This last (I promise) illustration depicts what may be the three basic forms of a roll trigger:

http://i129.photobucket.com/albums/p232/niemi24s/P8110003d.jpg

The key element in each of these is the broken red line because if a roll trigger doesn't cause the hammer to rise or fall during disengagement then sear/hook contact must be maintained along this red line all during disengagement.

Each shows: 0.025 inch hooks; about 0.020 inch of engagement; neutral engagement.

Fig 1, with square hooks and straight surfaces, might be the easiest to make. But, does it yield a good roll trigger? I don't know

Fig 2 may show Jammer Six's try at a roll trigger. If so, he reported it yielded the worst trigger he'd ever felt!

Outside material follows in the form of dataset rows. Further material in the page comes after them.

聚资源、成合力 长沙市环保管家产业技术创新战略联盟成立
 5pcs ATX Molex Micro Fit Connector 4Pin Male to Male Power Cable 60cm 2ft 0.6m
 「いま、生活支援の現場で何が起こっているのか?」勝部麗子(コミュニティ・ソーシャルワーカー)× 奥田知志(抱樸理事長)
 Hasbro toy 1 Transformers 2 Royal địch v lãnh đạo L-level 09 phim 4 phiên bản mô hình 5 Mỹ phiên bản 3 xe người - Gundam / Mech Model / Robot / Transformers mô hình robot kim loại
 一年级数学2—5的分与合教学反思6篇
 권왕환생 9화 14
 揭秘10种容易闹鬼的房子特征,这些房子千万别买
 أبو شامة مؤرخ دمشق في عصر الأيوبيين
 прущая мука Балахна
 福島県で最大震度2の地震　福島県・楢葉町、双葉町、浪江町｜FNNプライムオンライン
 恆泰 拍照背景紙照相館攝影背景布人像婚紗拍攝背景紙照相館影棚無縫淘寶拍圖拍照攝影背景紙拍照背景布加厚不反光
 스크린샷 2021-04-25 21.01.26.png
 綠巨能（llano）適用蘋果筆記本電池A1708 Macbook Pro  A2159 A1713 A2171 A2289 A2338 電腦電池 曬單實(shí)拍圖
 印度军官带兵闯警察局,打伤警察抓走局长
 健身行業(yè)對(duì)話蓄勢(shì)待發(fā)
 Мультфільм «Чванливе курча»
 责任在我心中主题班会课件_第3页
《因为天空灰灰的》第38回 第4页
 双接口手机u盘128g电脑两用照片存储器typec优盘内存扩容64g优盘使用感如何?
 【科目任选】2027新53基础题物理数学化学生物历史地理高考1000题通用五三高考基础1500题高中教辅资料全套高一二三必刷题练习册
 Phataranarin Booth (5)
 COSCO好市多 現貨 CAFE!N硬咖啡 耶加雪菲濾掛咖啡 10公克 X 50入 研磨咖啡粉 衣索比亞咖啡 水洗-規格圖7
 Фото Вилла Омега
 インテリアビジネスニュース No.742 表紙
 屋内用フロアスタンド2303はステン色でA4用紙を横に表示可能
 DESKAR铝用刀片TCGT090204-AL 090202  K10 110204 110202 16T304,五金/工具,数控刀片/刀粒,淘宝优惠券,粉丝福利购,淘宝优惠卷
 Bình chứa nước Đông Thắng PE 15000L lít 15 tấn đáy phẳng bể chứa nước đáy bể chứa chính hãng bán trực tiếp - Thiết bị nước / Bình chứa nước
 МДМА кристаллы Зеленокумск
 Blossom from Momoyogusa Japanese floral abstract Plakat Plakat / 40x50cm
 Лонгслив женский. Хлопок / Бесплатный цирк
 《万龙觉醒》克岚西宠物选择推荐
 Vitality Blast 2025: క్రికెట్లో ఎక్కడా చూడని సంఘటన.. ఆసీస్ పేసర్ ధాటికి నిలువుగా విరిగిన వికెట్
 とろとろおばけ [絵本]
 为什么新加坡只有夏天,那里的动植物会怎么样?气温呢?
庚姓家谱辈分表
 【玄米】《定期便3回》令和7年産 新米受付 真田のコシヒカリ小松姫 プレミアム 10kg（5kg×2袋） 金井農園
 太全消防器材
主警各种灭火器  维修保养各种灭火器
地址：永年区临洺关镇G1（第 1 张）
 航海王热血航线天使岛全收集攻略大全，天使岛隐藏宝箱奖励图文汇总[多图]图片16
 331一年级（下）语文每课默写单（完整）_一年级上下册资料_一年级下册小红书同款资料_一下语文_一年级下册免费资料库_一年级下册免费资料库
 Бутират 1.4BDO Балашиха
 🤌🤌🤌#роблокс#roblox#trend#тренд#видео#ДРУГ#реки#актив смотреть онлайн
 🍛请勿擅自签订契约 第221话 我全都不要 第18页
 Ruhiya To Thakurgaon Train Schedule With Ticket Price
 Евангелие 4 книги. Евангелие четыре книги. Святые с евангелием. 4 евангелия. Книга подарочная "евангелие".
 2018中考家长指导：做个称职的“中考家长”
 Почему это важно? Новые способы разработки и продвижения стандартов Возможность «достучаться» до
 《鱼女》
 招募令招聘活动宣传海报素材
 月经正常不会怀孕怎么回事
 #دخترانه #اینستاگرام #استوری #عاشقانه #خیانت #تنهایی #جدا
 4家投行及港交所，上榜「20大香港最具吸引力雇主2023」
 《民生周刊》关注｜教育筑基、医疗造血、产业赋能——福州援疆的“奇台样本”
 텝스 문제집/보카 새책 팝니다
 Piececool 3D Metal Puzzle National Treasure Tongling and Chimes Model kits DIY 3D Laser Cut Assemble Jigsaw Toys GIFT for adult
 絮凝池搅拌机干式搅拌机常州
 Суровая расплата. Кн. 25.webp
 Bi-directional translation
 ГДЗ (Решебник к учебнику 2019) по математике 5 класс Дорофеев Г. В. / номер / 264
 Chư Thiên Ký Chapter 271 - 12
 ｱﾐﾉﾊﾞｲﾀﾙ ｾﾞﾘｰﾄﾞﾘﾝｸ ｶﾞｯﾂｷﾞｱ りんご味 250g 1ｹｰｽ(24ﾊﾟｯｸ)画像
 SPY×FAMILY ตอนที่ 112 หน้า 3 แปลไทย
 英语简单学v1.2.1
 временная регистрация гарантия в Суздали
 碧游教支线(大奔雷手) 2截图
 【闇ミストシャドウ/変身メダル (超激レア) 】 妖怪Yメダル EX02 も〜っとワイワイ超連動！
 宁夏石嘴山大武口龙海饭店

Figs 2 & 3, in addition to dressing the hooks to about 98 degrees, require dressing the hooks slightly concave (to the broken red line): methinks this (the concave part) would be extraordinarily difficult.

Fig 3 incorporates GBW's suggestion regarding aft edge contact. Would this yield a good roll trigger?

Fig 2 may show Jammer Six's try at a roll trigger. If so, he reported it yielded the worst trigger he'd ever felt!
That's exactly right, that is what I did.

Hotbrass, this HAS to be the most curmudgeonly remark I've ever seen on a gunsmithing forum. Personally, I was hoping to learn something new from the comments and observations of others. While I do agree that a fine trigger - like fine wine and fine art - "just is", it is certain that an attitude like yours did not build the pyramids or the Grand Coulee Dam. :(



Oh dry up Laz.

My attitude is fine. I read every post, and it is certain with an attitude like yours the pyramids or the Grand Coulee Dam would never have been built. We would still be trying to figure out how sand is made. ;)

Carry on!

Hi Jammer Six: Thanx a bunch for confirming what I wrote. Your inputs have added welcomed substance to this somewhat theoretical discussion.

FWIW, the 0.020 inch long, "curved" engagement surfaces in Figs 2 & 3 depart from a straight line by a mere 0.00012 inch! Not sure I'd even be able to see that with my little 60X shop 'scope. Cheers

You can see it by the "I see light at the back" or "I don't see any light".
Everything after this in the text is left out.